Give back all of the data exactly as it appears here.

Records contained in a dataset
☆ ☆ ☆ ☆
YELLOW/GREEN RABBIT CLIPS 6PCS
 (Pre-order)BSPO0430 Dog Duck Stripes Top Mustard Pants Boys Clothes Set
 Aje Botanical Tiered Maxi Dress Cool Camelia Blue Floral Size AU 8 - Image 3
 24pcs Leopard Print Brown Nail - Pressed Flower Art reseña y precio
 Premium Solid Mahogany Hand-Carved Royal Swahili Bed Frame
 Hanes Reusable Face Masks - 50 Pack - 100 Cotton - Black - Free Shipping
☆ ☆ ☆ ☆
• _Answer section_
YELLOW/GREEN RABBIT CLIPS 6PCS
 (Pre-order)BSPO0430 Dog Duck Stripes Top Mustard Pants Boys Clothes Set
 Aje Botanical Tiered Maxi Dress Cool Camelia Blue Floral Size AU 8 - Image 3
 24pcs Leopard Print Brown Nail - Pressed Flower Art reseña y precio
 Premium Solid Mahogany Hand-Carved Royal Swahili Bed Frame
 Hanes Reusable Face Masks - 50 Pack - 100 Cotton - Black - Free Shipping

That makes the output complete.